The Bride Made Lovely
In the evening the cathedral of Rome turns to gold in the fires of the setting sun. “I have chosen and consecrated this house, says the Lord, that my name may be there forever” (2 Chr 7:16). Saint John Lateran looks very much like a great vessel come down from heaven, like the bride made lovely for her spouse.

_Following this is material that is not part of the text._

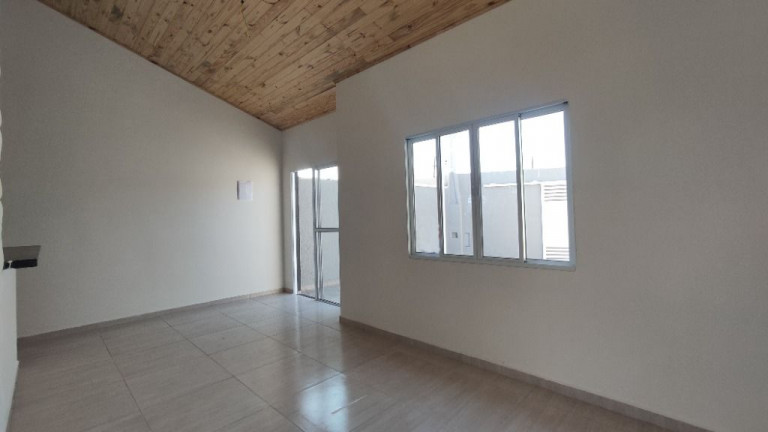 Imagem Casa com 3 Quartos à Venda, 72 m² em Cibratel Ii - Itanhaém Imagem Casa com 3 Quartos à Venda, 72 m² em Cibratel Ii - Itanhaém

The Emperor Become the Doorkeeper
The Lateran was the palace of the Emperor Constantine; Santa Croce was the palace of his mother, Saint Helena. They would have been able to give each other an imperial wave from their windows. Under the great portico of the Lateran, to the left, is an immense statue of Constantine — “Saint Constantine” as he is often called — regal, self-confident, strong. Constantine guards the entrance of the basilica. The mighty Emperor has become the doorkeeper of the cathedral. It is all in the logic of the Gospel.
The Church Is Alive
Visiting Saint John Lateran one sees the living, breathing Catholic Church in all her diversity. Confessionals line the left side of the basilica; each one bears a sign indicating the languages spoken by the confessor on duty: Italian, French, Spanish, German, Polish, Portuguese, Tagalog, and even English. The confessors themselves come from a variety of nations and belong to diverse religious Orders. Even more impressive is the great numbers of penitents, even on a weekday morning. At several confessionals stand lines of people waiting to be shriven: young people, elderly men and women, people in business suits, university students, bishops, priests, seminarians, and religious in all sorts of habits. Some are pilgrims in the Eternal City; others are true Romans completely at home in their cathedral church. Where mercy flows, where sin is confessed and forgiven, where broken hearts are healed, the Church is alive!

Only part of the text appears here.